"""

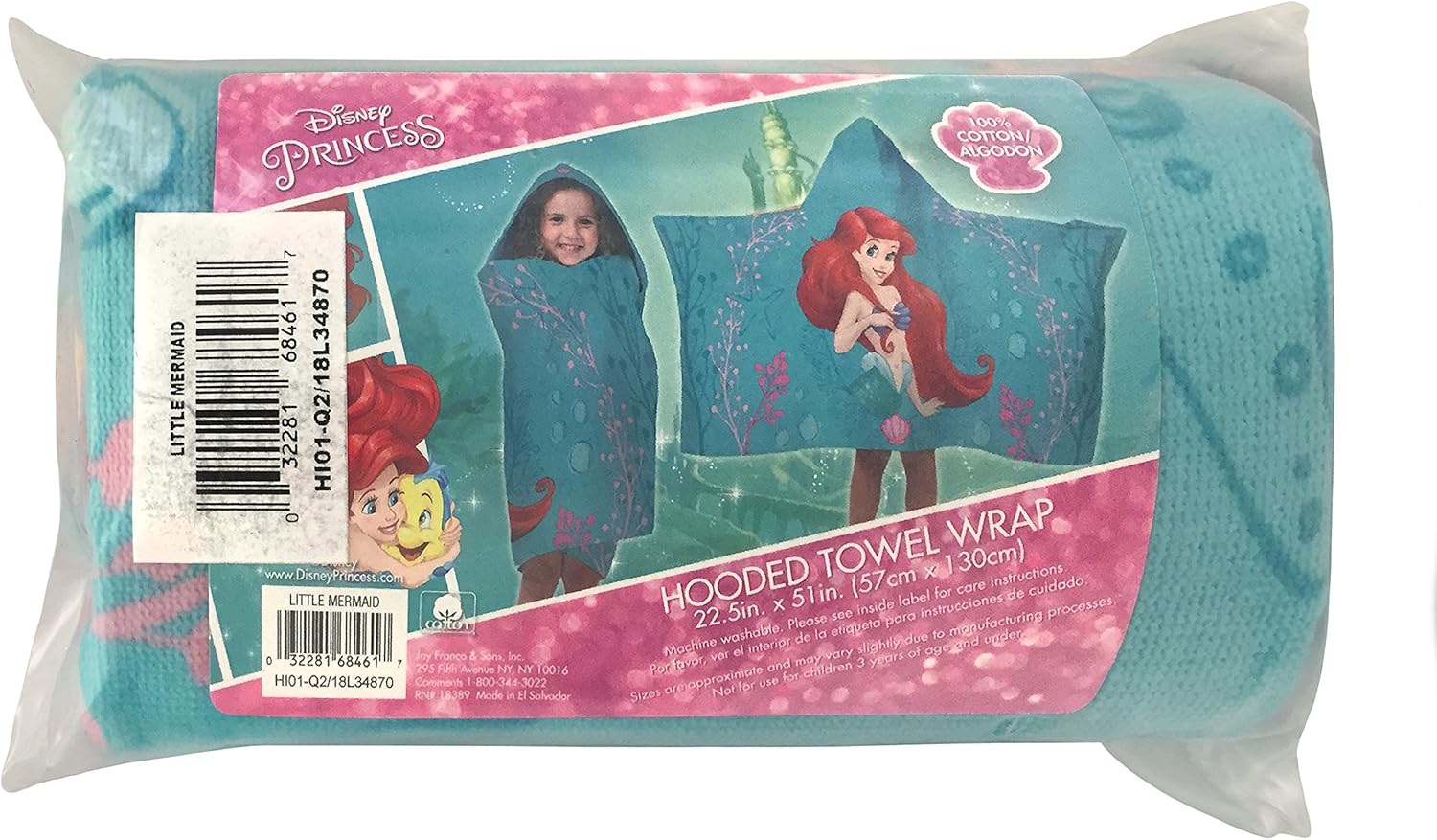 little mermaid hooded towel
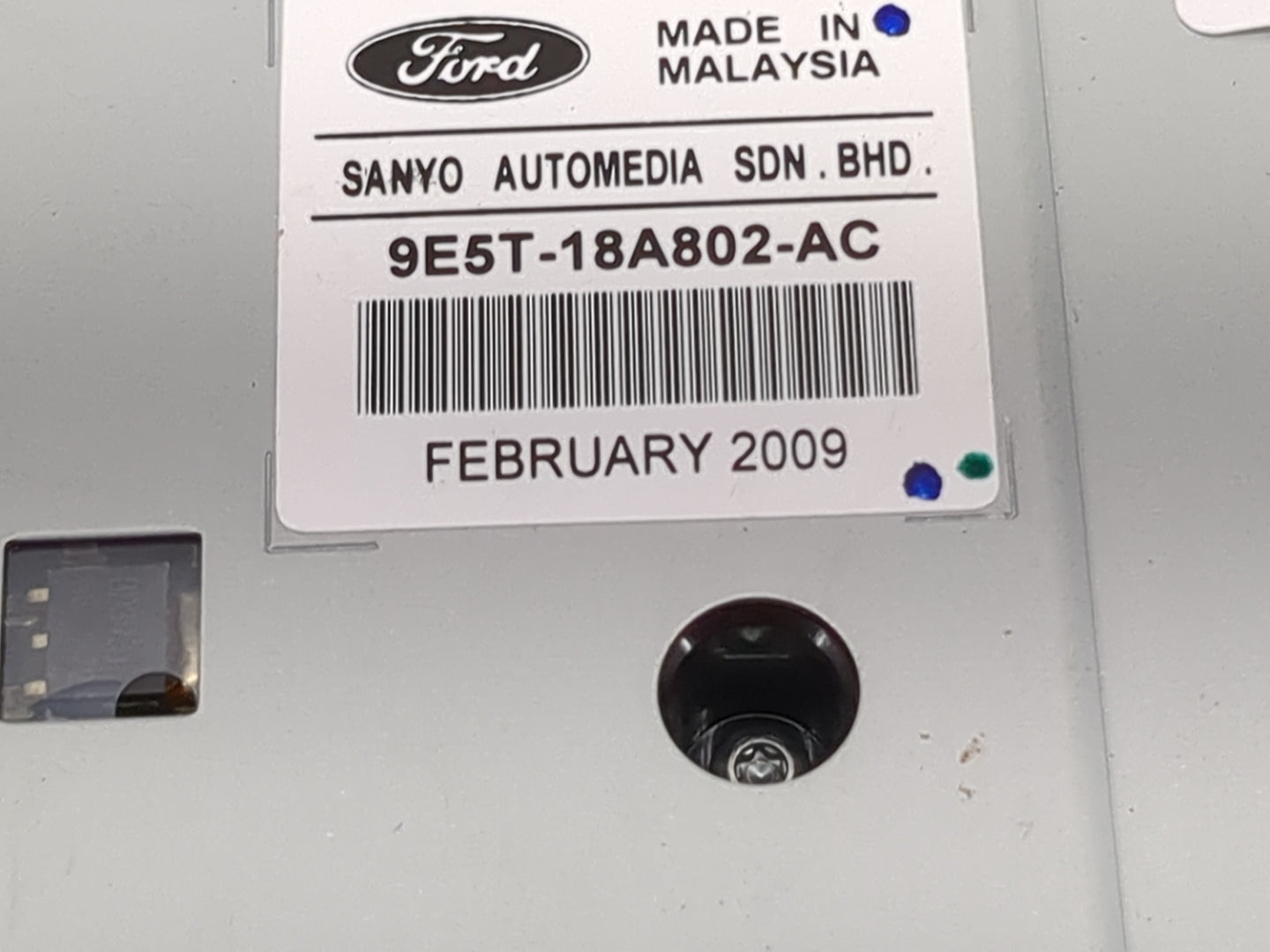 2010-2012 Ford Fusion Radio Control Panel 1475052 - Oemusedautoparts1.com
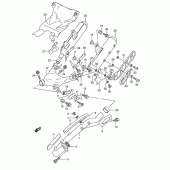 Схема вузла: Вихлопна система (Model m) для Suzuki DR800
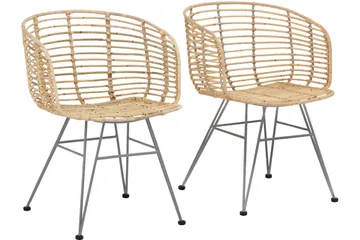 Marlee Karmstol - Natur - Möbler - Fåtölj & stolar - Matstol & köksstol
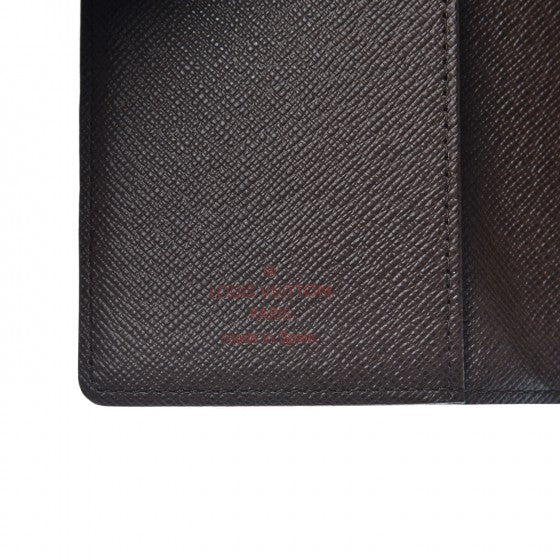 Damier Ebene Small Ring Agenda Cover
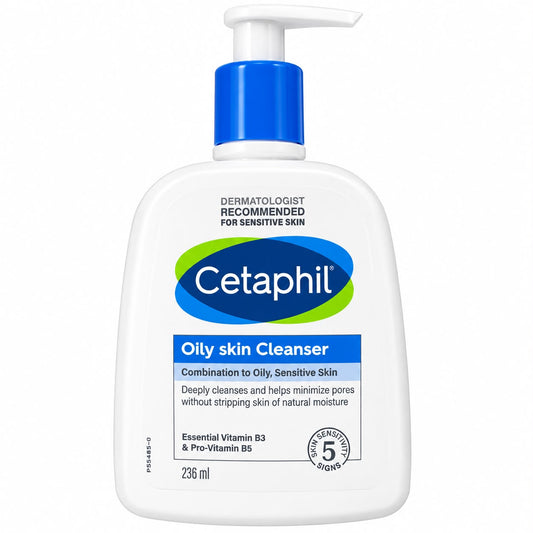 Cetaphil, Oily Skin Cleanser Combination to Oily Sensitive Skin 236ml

"""

Exercise brief: Because only the text is wanted, copy each record above precisely and omit its pictures.

Reply to the exercise:
 little mermaid hooded towel
 2010-2012 Ford Fusion Radio Control Panel 1475052 - Oemusedautoparts1.com
 Схема вузла: Вихлопна система (Model m) для Suzuki DR800
 Marlee Karmstol - Natur - Möbler - Fåtölj & stolar - Matstol & köksstol
 Damier Ebene Small Ring Agenda Cover
 Cetaphil, Oily Skin Cleanser Combination to Oily Sensitive Skin 236ml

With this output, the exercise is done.